Beef is raised in many of the most sensitive and important ecosystems around the world, including the North America’s great plains, the Brazilian Amazon, the savannahs of Southern Africa and the Great Barrier Reef watershed of Australia.
With the global population expected to exceed 9 billion by 2050 and income levels rising, demand for beef is increasing and will only grow. Yet beef production requires a lot of land, water and energy, and generates considerable waste. It is thus essential to improve its sustainability globally.

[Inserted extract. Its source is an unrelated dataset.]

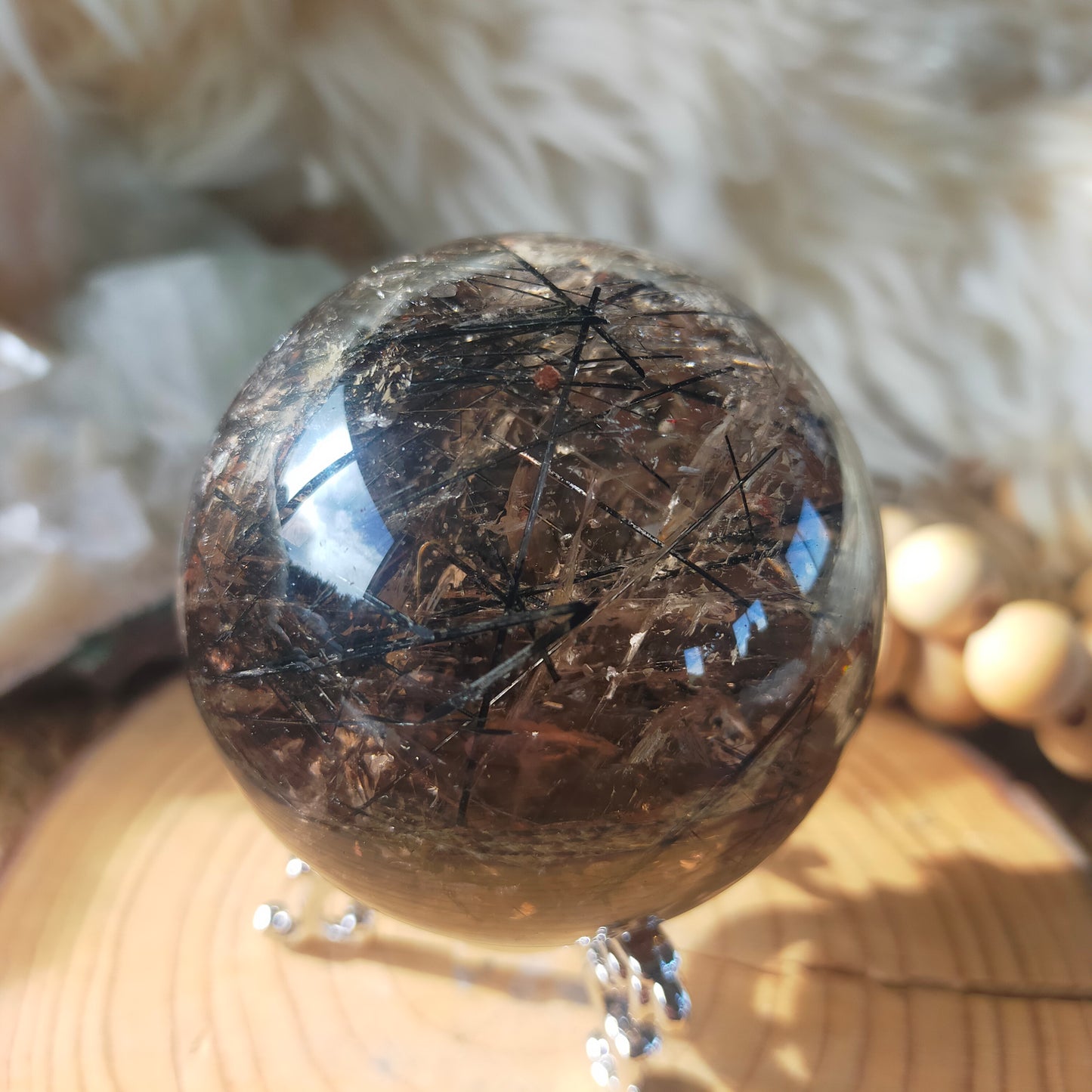 Black Tourmaline in Smokey Quartz Sphere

There are many ways beef production—when sustainably managed—can achieve conservation benefits. Grazing maintains the health of grasslands, improves soil quality with manure, and preserves open space and wildlife habitat. Additionally, carbon is sequestered in the grasses and soils of grazing lands. Beef production also provides social benefits by sustaining livelihoods and community vibrancy in rural areas where grasslands dominate. In the Northern Great Plains, for example, WWF is partnering with ranchers, recognizing that their viability is key to keeping grasslands intact. When ranchers manage land for long-term health, wildlife and people, everyone wins.
WWF envisions a global marketplace in which all beef is sustainable. By working with producers as well as companies and their supply chains to improve the sustainability of beef production, WWF is helping ensure that consumers have choices for a safe, affordable and sustainable diet.